## DATA SUPPLIED:

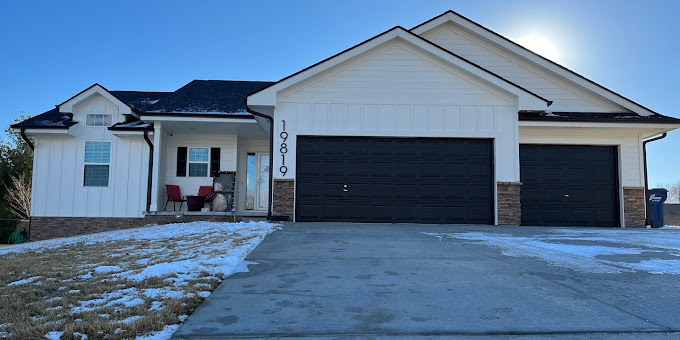 horizontal vertical siding replacement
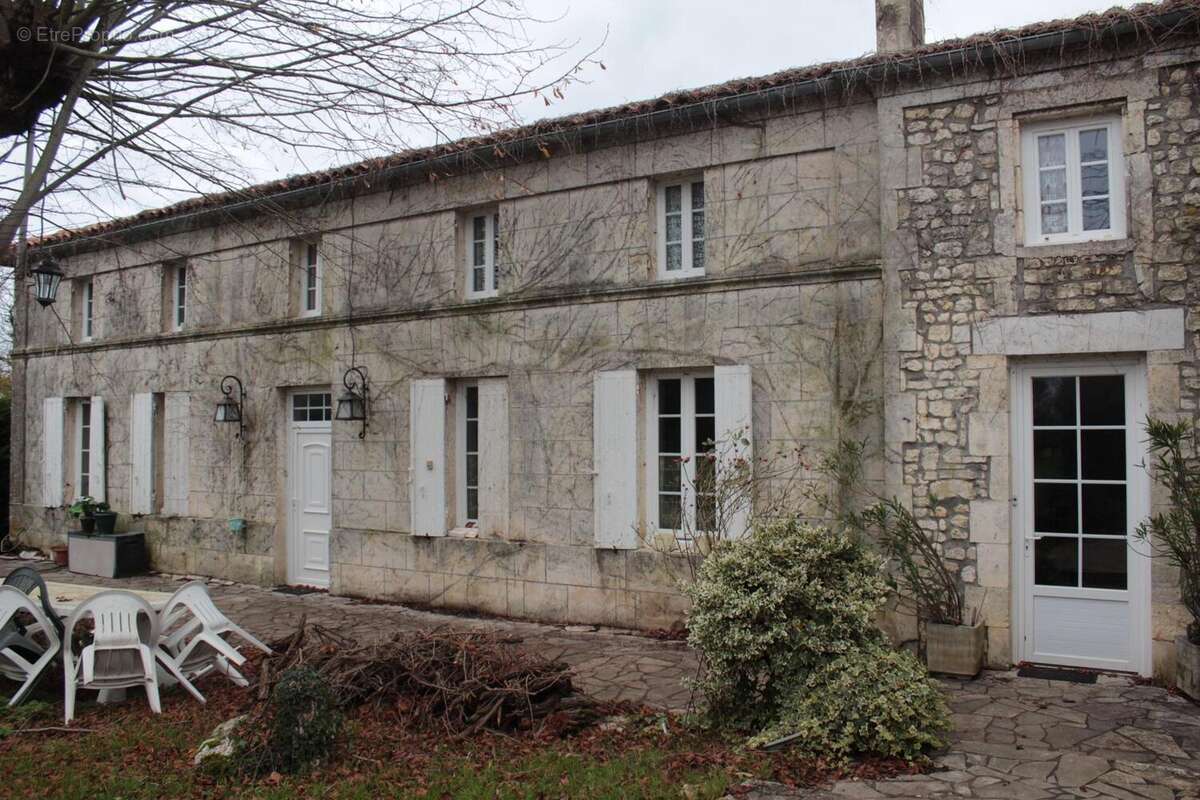 Photo 2 - Maison à SAINT-GERMAIN-DE-LUSIGNAN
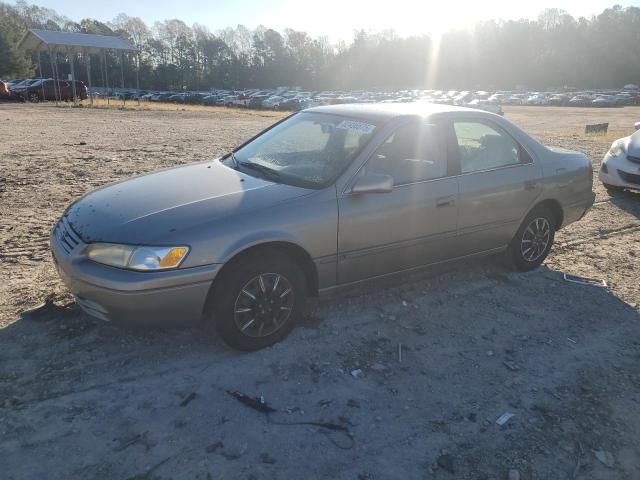 Global Auto Auctions: 1998 TOYOTA CAMRY CE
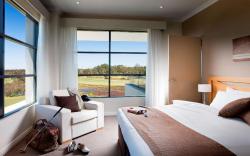 Mercure Kooindah Waters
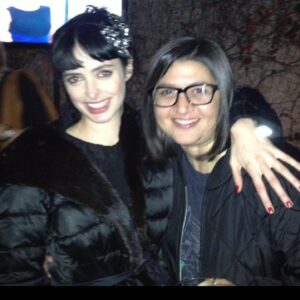 Krysten Ritter Instagram - Turns out this Bitch is 10 years old today!! @donttrustthebitchinapt23 🥳🥳🥳 Wow. What a truly hilarious role of a lifetime. What’s you’re favorite quote?!!! Toss it in the comments. Let’s all do a little rewatch on @hulu - hey, maybe they will let us do a sequel someday 😉#donttrustthebitchinapt23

## PROBLEM DESCRIPTION:
An exact copy of the listing above, minus its pictures, is what is needed here.

## TASK RESPONSE:
 horizontal vertical siding replacement
 Photo 2 - Maison à SAINT-GERMAIN-DE-LUSIGNAN
 Global Auto Auctions: 1998 TOYOTA CAMRY CE
 Mercure Kooindah Waters
 Krysten Ritter Instagram - Turns out this Bitch is 10 years old today!! @donttrustthebitchinapt23 🥳🥳🥳 Wow. What a truly hilarious role of a lifetime. What’s you’re favorite quote?!!! Toss it in the comments. Let’s all do a little rewatch on @hulu - hey, maybe they will let us do a sequel someday 😉#donttrustthebitchinapt23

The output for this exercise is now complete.